Never once in the entire time that we had been pop stars did we call each other Jazzy and Melody while in private, “What did you just call me?” I looked at her then and I could see that something was off. Her eyes didn’t appear normal; they had a distant, almost disconnected look to them.

 

“You heard me. Everyone loves the great Jazzy. No one cares about her messed up sister. I could just disappear and no one would care.”

 

“You’re wrong, I would care.” I had to close my eyes when she took a sharp turn without slowing down.

 

“Oh, I feel so loved now that I know my twin sister would miss me.” She laughed cynically.

 

“We could go back to being like we once were. The fans would love you again. The drugs and the partying have to stop.

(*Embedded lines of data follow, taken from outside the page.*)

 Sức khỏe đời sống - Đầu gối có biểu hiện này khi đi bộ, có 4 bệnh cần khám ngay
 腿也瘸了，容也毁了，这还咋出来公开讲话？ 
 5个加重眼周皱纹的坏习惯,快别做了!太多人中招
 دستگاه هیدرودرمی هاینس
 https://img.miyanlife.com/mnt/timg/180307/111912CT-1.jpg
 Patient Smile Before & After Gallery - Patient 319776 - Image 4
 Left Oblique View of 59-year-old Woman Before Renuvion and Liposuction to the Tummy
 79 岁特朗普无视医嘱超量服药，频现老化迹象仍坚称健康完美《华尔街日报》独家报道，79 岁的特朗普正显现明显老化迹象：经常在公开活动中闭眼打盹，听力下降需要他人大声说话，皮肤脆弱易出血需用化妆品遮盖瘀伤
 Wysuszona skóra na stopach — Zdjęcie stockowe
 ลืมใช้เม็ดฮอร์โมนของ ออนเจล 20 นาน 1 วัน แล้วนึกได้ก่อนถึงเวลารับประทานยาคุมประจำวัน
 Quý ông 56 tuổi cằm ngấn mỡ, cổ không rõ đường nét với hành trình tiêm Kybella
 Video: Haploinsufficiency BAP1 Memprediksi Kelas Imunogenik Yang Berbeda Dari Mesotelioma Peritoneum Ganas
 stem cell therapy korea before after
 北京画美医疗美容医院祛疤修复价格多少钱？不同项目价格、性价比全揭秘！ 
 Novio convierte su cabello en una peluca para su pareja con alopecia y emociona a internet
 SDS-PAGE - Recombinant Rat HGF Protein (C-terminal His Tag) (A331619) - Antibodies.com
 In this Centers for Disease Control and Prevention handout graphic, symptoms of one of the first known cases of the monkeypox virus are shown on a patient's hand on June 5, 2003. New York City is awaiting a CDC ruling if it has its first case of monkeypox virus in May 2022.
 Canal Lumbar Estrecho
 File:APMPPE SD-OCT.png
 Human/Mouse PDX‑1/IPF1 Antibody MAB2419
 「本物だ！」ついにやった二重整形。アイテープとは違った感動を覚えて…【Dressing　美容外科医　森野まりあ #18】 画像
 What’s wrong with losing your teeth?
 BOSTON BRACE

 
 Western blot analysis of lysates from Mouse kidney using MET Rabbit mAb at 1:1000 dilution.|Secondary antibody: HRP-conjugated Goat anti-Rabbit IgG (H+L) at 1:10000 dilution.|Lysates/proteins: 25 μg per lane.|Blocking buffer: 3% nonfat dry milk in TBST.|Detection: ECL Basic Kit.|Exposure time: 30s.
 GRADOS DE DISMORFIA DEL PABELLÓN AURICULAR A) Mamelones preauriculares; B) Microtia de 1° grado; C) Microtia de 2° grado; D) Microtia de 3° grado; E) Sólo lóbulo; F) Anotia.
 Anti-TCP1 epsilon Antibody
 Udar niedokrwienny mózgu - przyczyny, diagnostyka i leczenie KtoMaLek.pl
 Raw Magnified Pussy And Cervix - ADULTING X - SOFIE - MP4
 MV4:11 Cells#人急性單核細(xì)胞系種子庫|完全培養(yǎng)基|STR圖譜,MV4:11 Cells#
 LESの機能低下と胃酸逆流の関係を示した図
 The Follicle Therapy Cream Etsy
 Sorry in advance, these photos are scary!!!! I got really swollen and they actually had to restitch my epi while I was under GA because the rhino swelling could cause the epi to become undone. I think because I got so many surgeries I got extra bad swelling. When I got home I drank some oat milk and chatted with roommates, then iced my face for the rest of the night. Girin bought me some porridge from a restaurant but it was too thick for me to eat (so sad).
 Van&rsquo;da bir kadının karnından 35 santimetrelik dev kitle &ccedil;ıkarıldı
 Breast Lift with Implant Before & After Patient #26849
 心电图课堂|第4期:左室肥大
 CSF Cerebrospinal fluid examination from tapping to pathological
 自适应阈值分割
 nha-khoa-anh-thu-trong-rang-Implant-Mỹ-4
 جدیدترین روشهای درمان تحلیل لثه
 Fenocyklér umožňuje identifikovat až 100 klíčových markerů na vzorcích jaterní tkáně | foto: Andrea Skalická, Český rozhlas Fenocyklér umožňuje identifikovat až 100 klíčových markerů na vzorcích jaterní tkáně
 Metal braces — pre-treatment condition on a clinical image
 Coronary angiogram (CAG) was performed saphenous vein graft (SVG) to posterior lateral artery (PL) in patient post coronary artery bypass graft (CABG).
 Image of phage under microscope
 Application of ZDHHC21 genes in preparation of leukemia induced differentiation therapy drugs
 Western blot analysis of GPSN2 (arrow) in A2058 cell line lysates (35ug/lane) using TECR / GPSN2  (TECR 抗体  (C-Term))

Once they do, people will see that you’re a good role model for their kids.”

 

“What if I don’t want to be a role model, what if I want to be one of those has been pop stars to go out in a blaze of glory.”

 

I had frowned, not having any idea what she was talking about, or where her train of thought was leading her.  “We aren’t has-beens. We still have a few years before that happens to us. What are you talking about, a blaze of glory?”

 

“I think it’s rather poetic. We always said we’d die on the same day, I never thought it would actually happen.”

 

A chill set in my body at her words. “Mia, what are you talking about? You’re scaring me.”

 

“I’ve been scaring myself, lately. I can’t help but have these thoughts… they have helped me understand what I need to do. I need to die now, in order to preserve my legacy.”

 

“Mia, pull the car over. You’re having a bad reaction to whatever you took. You don’t want to follow those thoughts you’re having. You don’t want to die now… I don’t want to die now.”

 

“Because it’s all about you, isn’t it? Why don’t we do something I want for a change? And then people will love me too. Look, Jazzy, I found the place!”

 

The place was in the other lane and an oncoming semi-truck. I remember hearing its horn blare and the sound of Mia’s laughter. I also remember thinking that I didn’t want to die yet, not like that. I had reached out for Mia’s hand and she took it. It was the last time we held hands. I have no memories after that, just of what came to next.